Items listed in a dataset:
· · · · ·

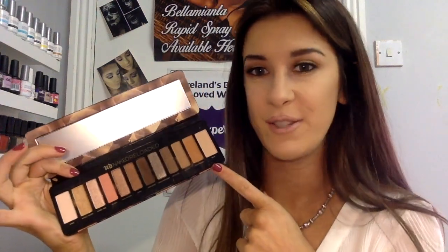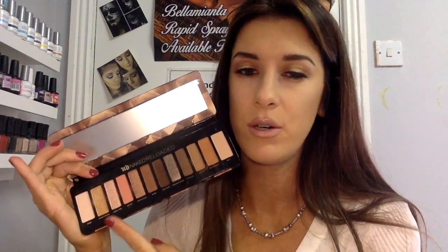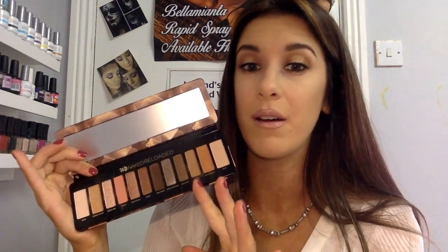I didn't buy this one myself — the Urban Decay Reloaded palette was bought for me by my best friend for my birthday and I am absolutely delighted with it. I've used it twice so far and I love it. The colors are really pigmented, even the shimmers, and they're really easy to blend. The colors are just amazing — it's like me in a palette. Thank you so much, I absolutely love it.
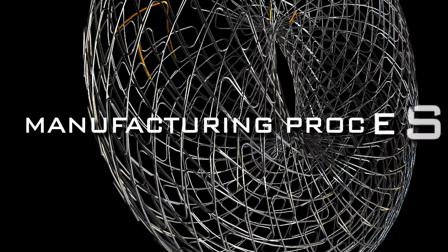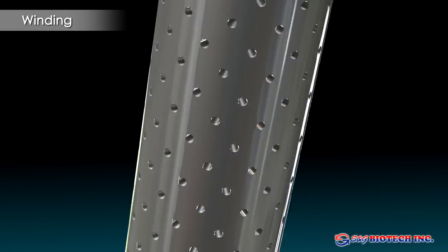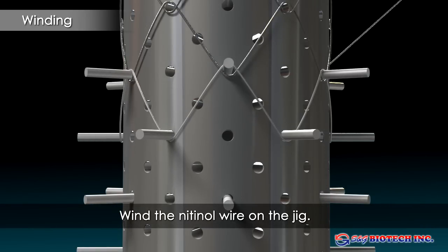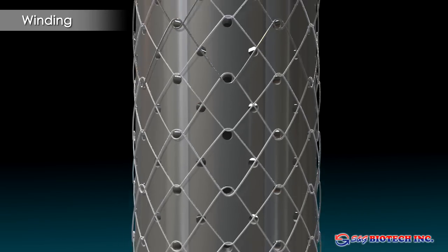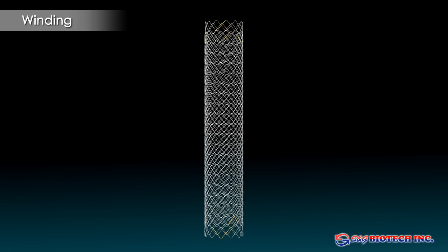Manufacturing process. Stents for different anatomical areas have their own individual design to meet specific requirements. The production process starts with the Nitinol wire being wound around a specific jig to create the stent skeleton. S&G produces the knitted stents, which reduces shortening.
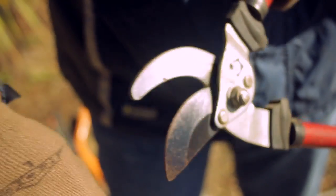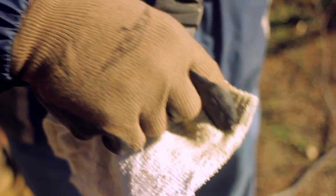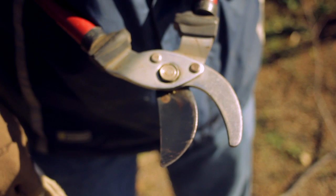To prevent the spread of disease from one plant to another, be sure to clean loppers when moving from plant to plant, especially if working with a diseased plant or disease-prone species.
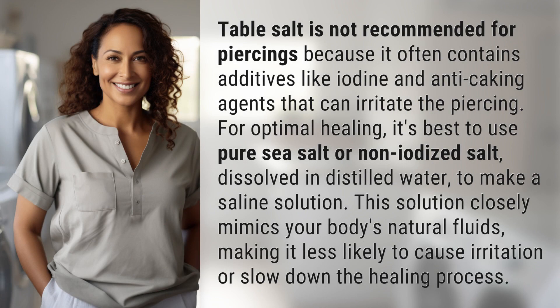Table salt is not recommended for piercings because it often contains additives like iodine and anti-caking agents that can irritate the piercing. For optimal healing,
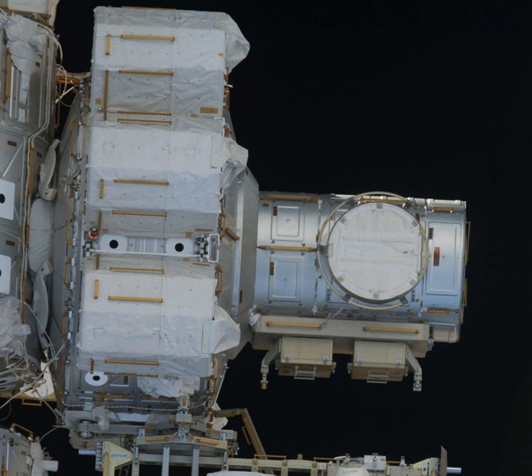Quest was necessary because American suits will not fit through a Russian airlock hatch and have different components, fittings, and connections. The airlock is designed to contain equipment that can work with both types of spacesuits; however, it is currently only able to host American spacewalks because the equipment necessary to work with Russian spacesuits has not been launched yet, which required the Expedition 9 crew to take a circuitous route to a worksite because of problems with the American spacesuits.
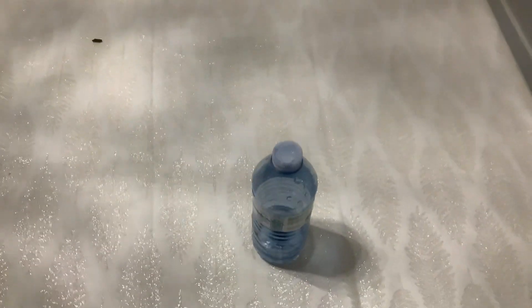What's up guys, it's your boy back with another video. In today's video, we're gonna be doing the bottle flip.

· · · · ·

• _EXERCISE DIRECTIONS_: Only what runs from the line containing "Quest was necessary" through the end of the entries above should be extracted, exactly and without pictures.

• _EXERCISE RESPONSE_:
Quest was necessary because American suits will not fit through a Russian airlock hatch and have different components, fittings, and connections. The airlock is designed to contain equipment that can work with both types of spacesuits; however, it is currently only able to host American spacewalks because the equipment necessary to work with Russian spacesuits has not been launched yet, which required the Expedition 9 crew to take a circuitous route to a worksite because of problems with the American spacesuits.
What's up guys, it's your boy back with another video. In today's video, we're gonna be doing the bottle flip.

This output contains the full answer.